EXPERIMENTAL DESIGN: We performed targeted next-generation sequencing; IHC for MYC, BCL2, and FN1; and fluorescent multiplex IHC for microenvironmental markers in a large cohort of DLBCL. We performed correlative and prognostic analyses within and across DLBCL genetic subtypes and MYC/BCL2 double expressors.

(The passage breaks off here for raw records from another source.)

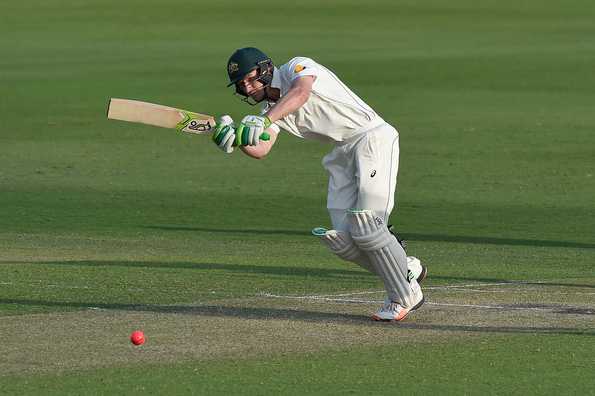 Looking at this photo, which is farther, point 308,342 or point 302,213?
point 302,213

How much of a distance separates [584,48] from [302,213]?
25.6 metres

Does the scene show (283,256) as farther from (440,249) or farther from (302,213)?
(302,213)

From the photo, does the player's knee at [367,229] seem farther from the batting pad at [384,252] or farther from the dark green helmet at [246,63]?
the dark green helmet at [246,63]

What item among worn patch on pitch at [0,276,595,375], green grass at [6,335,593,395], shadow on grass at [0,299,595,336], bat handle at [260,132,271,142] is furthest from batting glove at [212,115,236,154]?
green grass at [6,335,593,395]

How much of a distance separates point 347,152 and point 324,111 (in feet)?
0.95

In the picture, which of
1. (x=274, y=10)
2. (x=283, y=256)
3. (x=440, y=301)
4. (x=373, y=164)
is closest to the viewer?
(x=373, y=164)

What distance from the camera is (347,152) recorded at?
9.44 metres

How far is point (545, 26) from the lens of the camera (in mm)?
49438

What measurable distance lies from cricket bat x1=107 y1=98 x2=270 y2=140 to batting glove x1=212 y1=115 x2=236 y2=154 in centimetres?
31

RESULTS: We found that MYC/BCL2 double-high-expression (DhE) had significant adverse prognostic impact within the EZB genetic subtype and LymphGen-unclassified DLBCL cases but not within MCD and ST2 genetic subtypes. Conversely, KMT2D mutations significantly stratified DhE but not non-DhE DLBCL. T-cell infiltration showed favorable prognostic effects within BN2, MCD, and DhE but unfavorable effects within ST2 and LymphGen-unclassified cases. FN1 and PD-1-high expression had significant adverse prognostic effects within multiple DLBCL genetic/phenotypic subgroups. The prognostic effects of DhE and immune biomarkers within DLBCL genetic subtypes were independent although DhE and high Ki-67 were significantly associated with lower T-cell infiltration in LymphGen-unclassified cases.

CONCLUSIONS: Together, these results demonstrated independent and additive prognostic effects of phenotypic MYC/BCL2 and microenvironment biomarkers and genetic subtyping in DLBCL prognostication, important for improving DLBCL classification and identifying prognostic determinants and therapeutic targets.